2010年6月14日月曜日

森 良次(准教授)海外の図書館事情:ドイツの文書館

図書館報『書燈 』 No.44 (2010.4/10発行) 転載記事

森 良次(准教授)

毎年夏休みにドイツを訪れ、図書館や文書館でドイツ経済史の研究に必要な歴史資料の調査を行っている。
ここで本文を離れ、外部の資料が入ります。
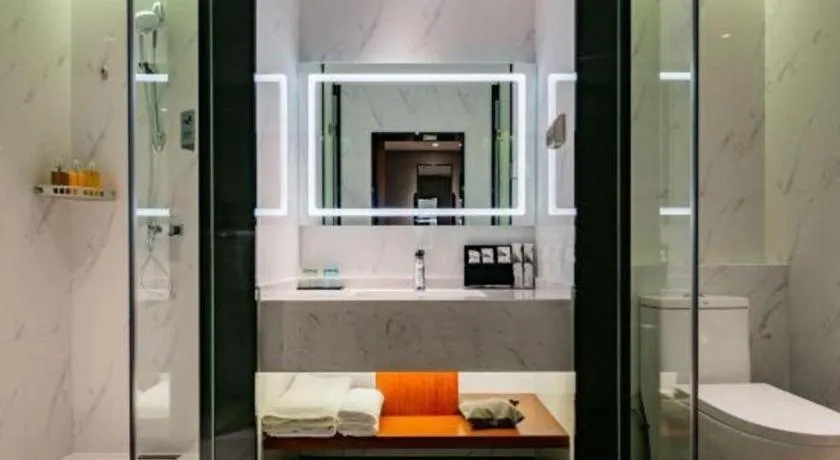 Borrman Hotel Xi'an North High-speed Railway Station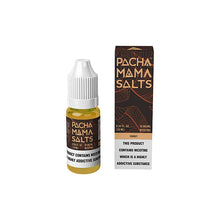 Load image into Gallery viewer, 20mg Pacha Mama By Charlie&#39;s Chalk Dust Salts 10ml Nic Salt (50VG/50PG)
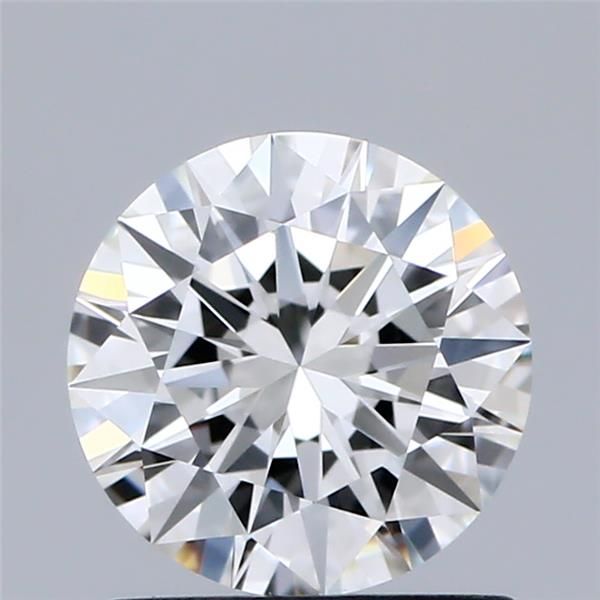 Diamond Natural 1,05Ct I-VS1 Round - GIA6515216246 1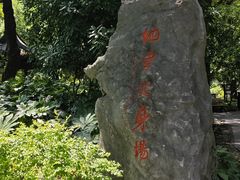 -上海醉白池公园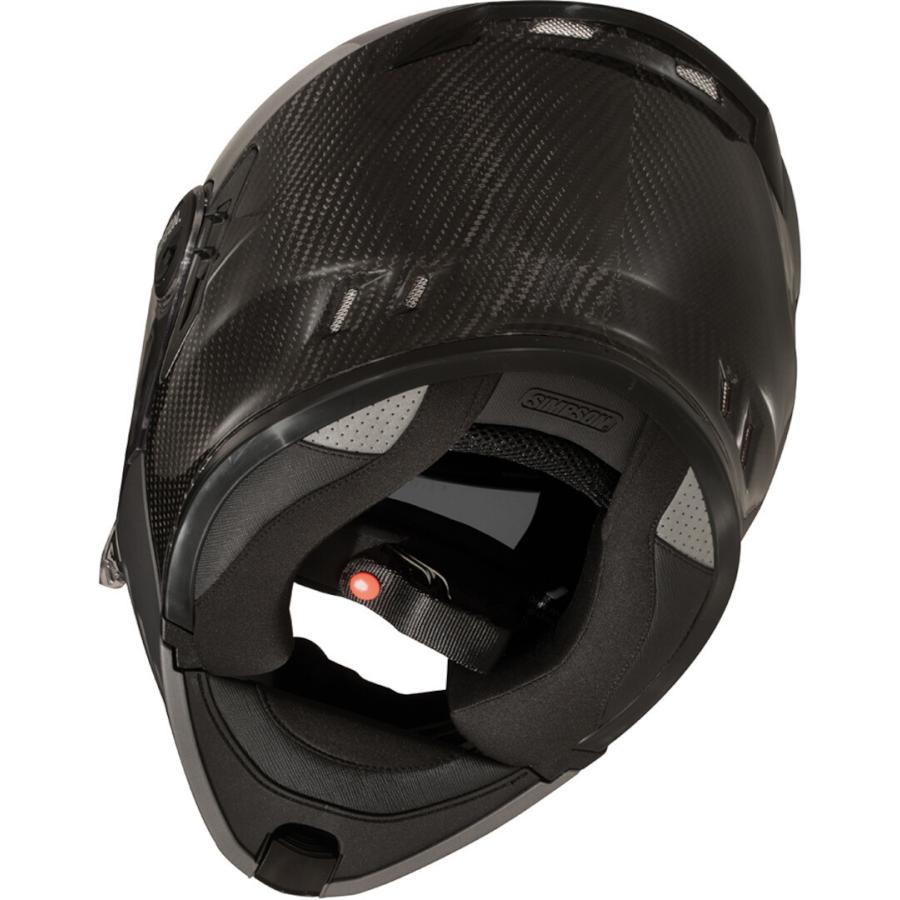 SIMPSON（シンプソン） SIMPSON DARKSOME CARBON カーボンヘルメット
ここ数年はドイツ西南部のバーデン・ビュルテンベルク州Baden-Württembergにある「ルードビヒスブルク・州立文書館」Staatsarchiv Ludwigsburgを訪問するのが恒例となっており、150年ほど前のこの地域に生きた、歴史に名をとどめることも希な人々の経済活動の足跡を明らかにする作業にあたっている。


文書館といっても、日本では宮内庁役人の手記や日米外交文書(核密約問題など)が時折新聞で話題になるくらいで、一般にはあまり馴染みのない存在である。だが、全国には公立施設を中心に相当な数の文書館が存在し、歴史的価値の高い公文書や為政者の文書が収集・保存されている。ドイツには国立(連邦)や州立の機関の他に、基礎自治体が整備した文書館が実に多くある。人口10万人以上の都市であれば、ほぼ確実にアーキビストを何人も抱える立派な文書館があると考えてよい。ドイツは、歴史資料を体系的に収集・保存・活用することにおいて世界最高水準にある。
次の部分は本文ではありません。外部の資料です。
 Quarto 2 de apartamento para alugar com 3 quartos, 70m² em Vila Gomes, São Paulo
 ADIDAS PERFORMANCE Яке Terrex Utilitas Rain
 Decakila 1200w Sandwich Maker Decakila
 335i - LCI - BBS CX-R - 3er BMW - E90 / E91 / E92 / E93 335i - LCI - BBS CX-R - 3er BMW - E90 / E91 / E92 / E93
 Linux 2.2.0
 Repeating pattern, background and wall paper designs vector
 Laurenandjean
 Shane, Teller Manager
そのドイツの文書館を利用するたびに思うのは、利用者が実に多いということである。ルードビヒスブルク・州立文書館では、歴史学を専攻する学生や大学の歴史研究者の他にも、恐らく年金生活者であろう年配者の姿をよくみかける。まだ職業生活から引退するには明らかに早いと思われる「働き盛り」世代の利用者も多く、自身の史料調査の傍ら「この人は昼日中に仕事もせず、一体何を調べているのだろう」「きっと大学出の失業者に違いない」「いやバカンスを利用して歴史学を専門とする高校の先生が研究活動に励んでいるのだろう」などとつい想像してしまう。ドイツでは年齢、職業など多様な属性をもった人々が大学で学んでいるが、文書館にも様々な人が通い、手書き文書に熱心に目を通している。
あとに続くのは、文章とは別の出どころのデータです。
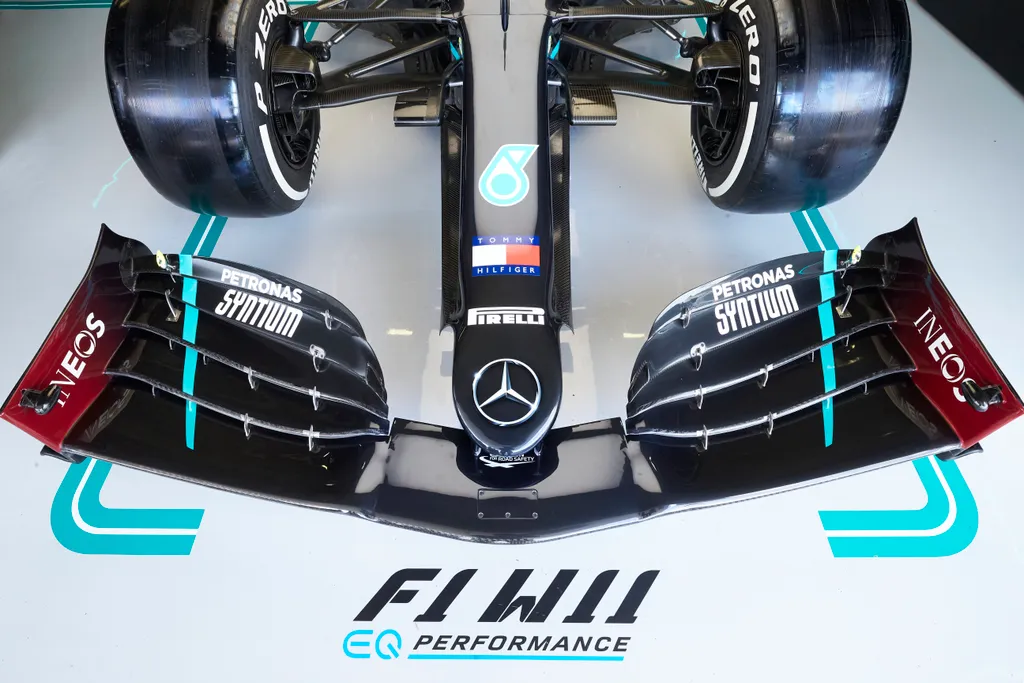 Forma-1, Osztrák Nagydíj, Mercedes-AMG Petronas 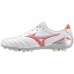 Felnőtt Futballcipő Mizuno Morelia Neo IV Pro Ag Fehér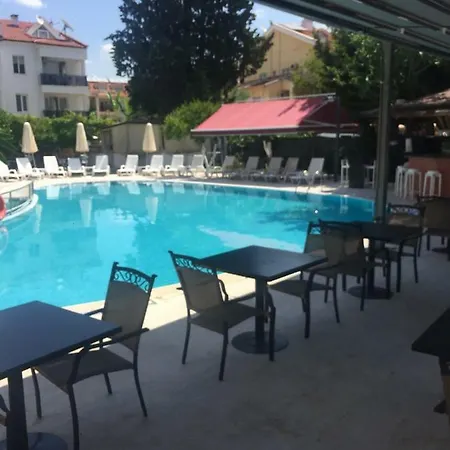 Poyraz Kaptan Apart Otel 2*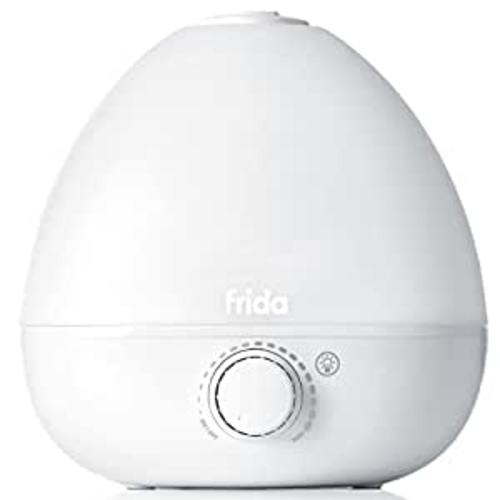 Amazon.com: Frida Baby Fridababy 3-in-1 Humidifier with Diffuser and Nightlight, White : Home & Kitchen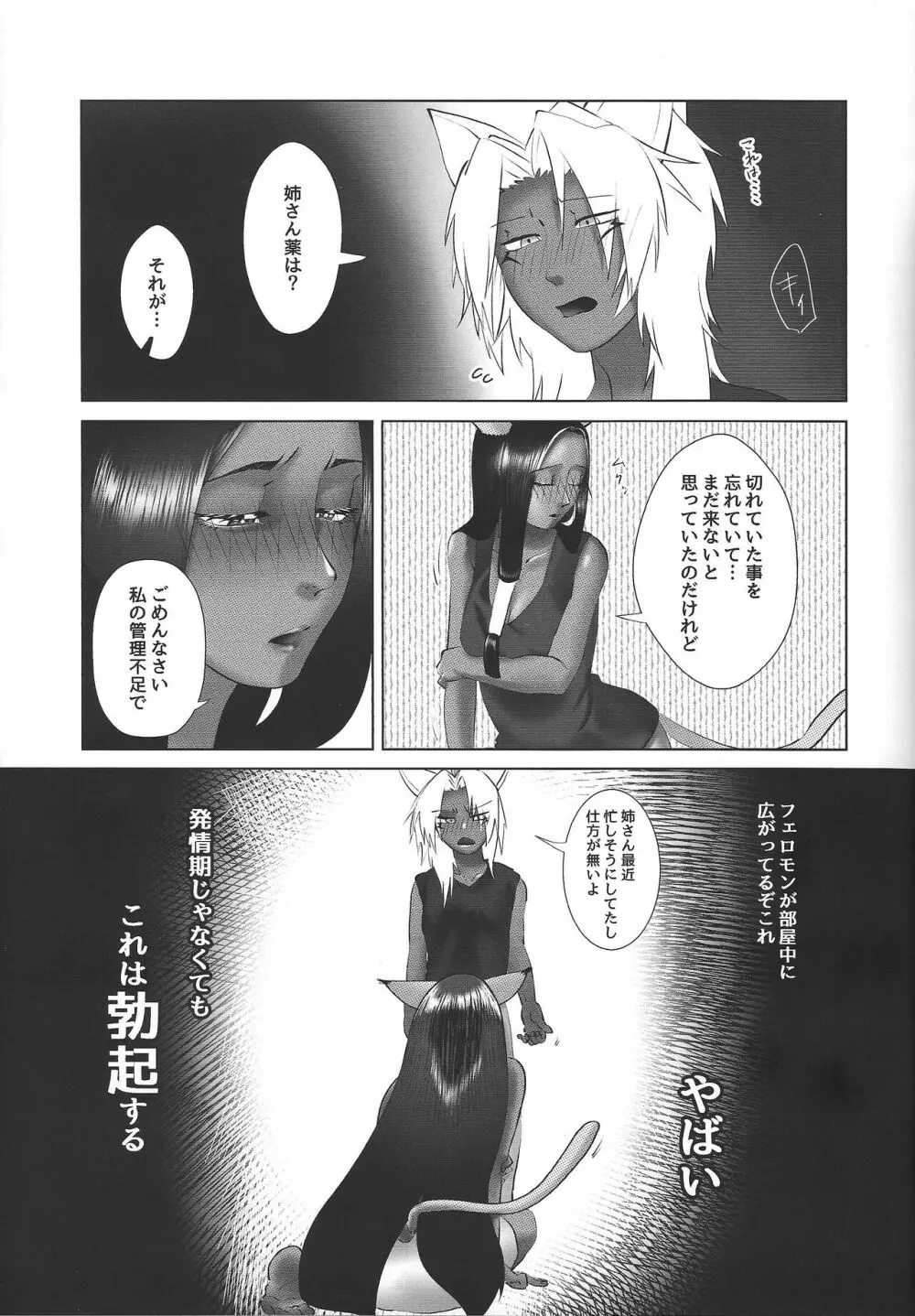 至純なる想念. - page10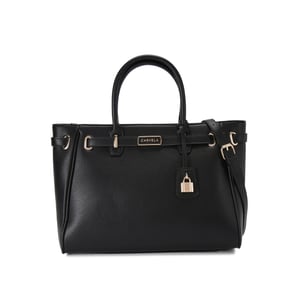 Carvela Violet Belted Tote Bag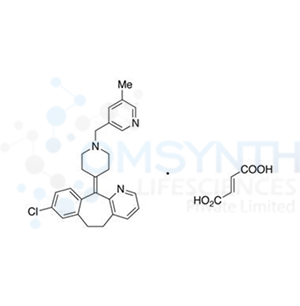 Rupatadine Fumarate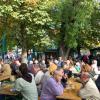 Biergarten Viktualienmarkt München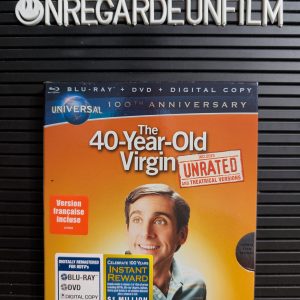 40 Ans et Encore Puceau / The 40-Year-old Virgin (2005)
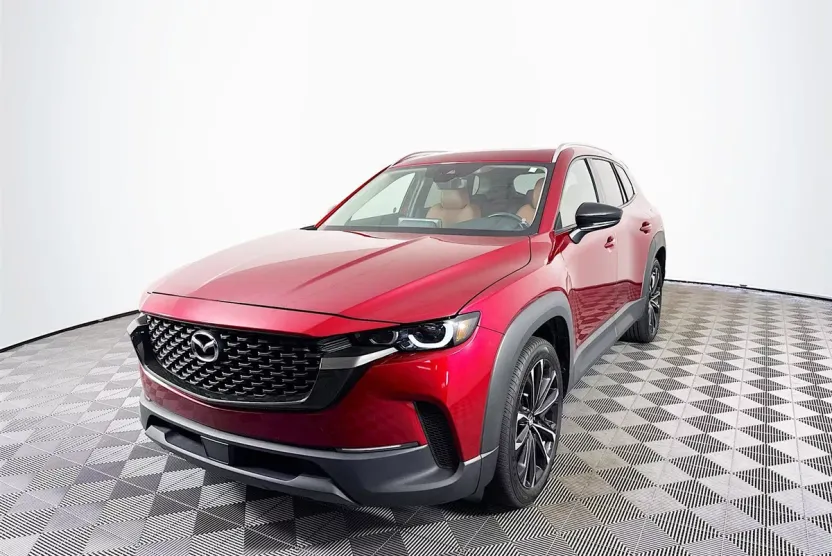 2024 Mazda CX-50 2.5 Turbo photo 1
文書館を利用するのはこうした歴史資料の利用者ばかりではない。ルードビヒスブルク・州立文書館では、定期的に(あるいは希望に応じて)小・中・高校生や歴史好きの市民を対象にゼミナール、講演会、展示会を開催しており、夏休みにはよく子ども達が史料閲覧室にやってきて、アーキビストの説明に耳を傾ける姿を目にする。文書館の現場を見学することを通じて、子ども達はかつて人々がどのように生活をし、現代に生きる我々はそれについてどのように情報をえることができるのか、といったことを学ぶのである。この他にも歴史文書に残されたレシピから貧民のスープを再現してみるゼミナール、旅行鞄一つで郷里を離れた移民の心性を手記から探り、今日の移民と比較してみるゼミナールなど、文書館ならではのゼミナールが催されている。これらは歴史、社会、語学(特にラテン語とフランス語)など学校の授業の一環をなしているようでもある。

文書資料を扱うか否かという違いはあるが、ドイツの文書館は、博物館と同じように市民の生活の中にしっかりと位置づいており、歴史に学ぼうという社会全体の姿勢が感じられる。